I don't want to come off too hard as directly defending Jordan Peterson--I maybe watched a video or two on YouTube a while back with him talking about something... I liked one and hated the other--but this overall description of someone who is just saying a lot of stuff without any boundary between what they really actually know and where they are so far off the rails they might as well be on a psychedelic trip also sounds like it could apply to the likes of Plato... whom I'd 100% label as an intellectual.

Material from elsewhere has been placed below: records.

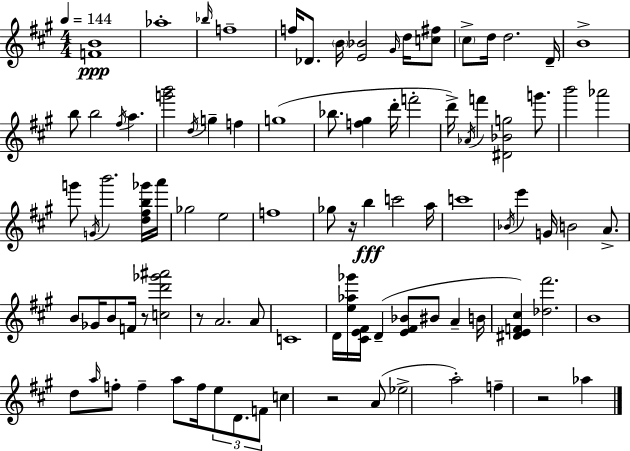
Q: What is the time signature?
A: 4/4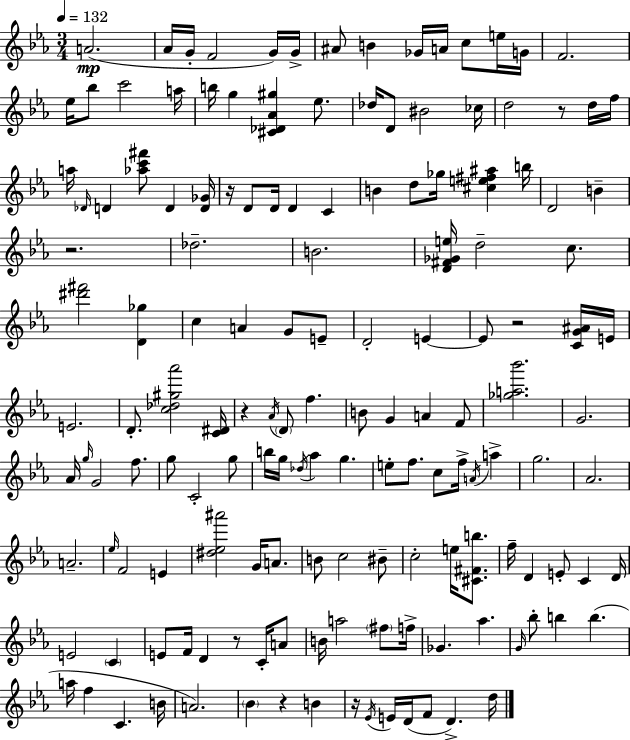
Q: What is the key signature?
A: C minor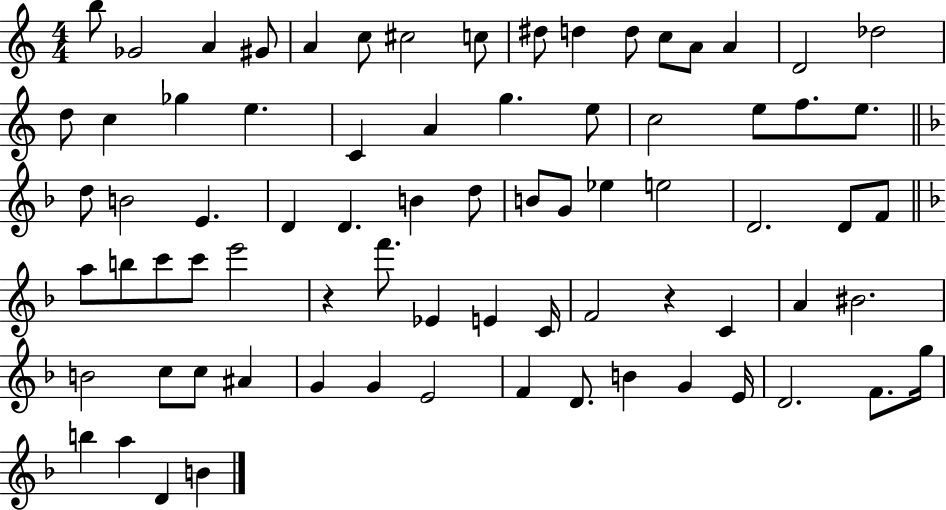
{
  \clef treble
  \numericTimeSignature
  \time 4/4
  \key c \major
  b''8 ges'2 a'4 gis'8 | a'4 c''8 cis''2 c''8 | dis''8 d''4 d''8 c''8 a'8 a'4 | d'2 des''2 | \break d''8 c''4 ges''4 e''4. | c'4 a'4 g''4. e''8 | c''2 e''8 f''8. e''8. | \bar "||" \break \key f \major d''8 b'2 e'4. | d'4 d'4. b'4 d''8 | b'8 g'8 ees''4 e''2 | d'2. d'8 f'8 | \break \bar "||" \break \key f \major a''8 b''8 c'''8 c'''8 e'''2 | r4 f'''8. ees'4 e'4 c'16 | f'2 r4 c'4 | a'4 bis'2. | \break b'2 c''8 c''8 ais'4 | g'4 g'4 e'2 | f'4 d'8. b'4 g'4 e'16 | d'2. f'8. g''16 | \break b''4 a''4 d'4 b'4 | \bar "|."
}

Plato studied “philosophy” which at the time aimed to provide a full explanation to everything in life. Later in history knowledge got more and more specialized. As time goes by, being able to do meaningful contributions to various fields becomes more difficult. It is considered for example, that Gauss was the last scientist to contribute to all branches of science and similarly John Von Neumann was the last mathematician who made meaningful contributions in all branches of sciences. So yeah, you could say for Plato there were no boundaries as the amount of knowledge that existed was small enough to be fully handled by a human .. and it’s likely not the case anymore.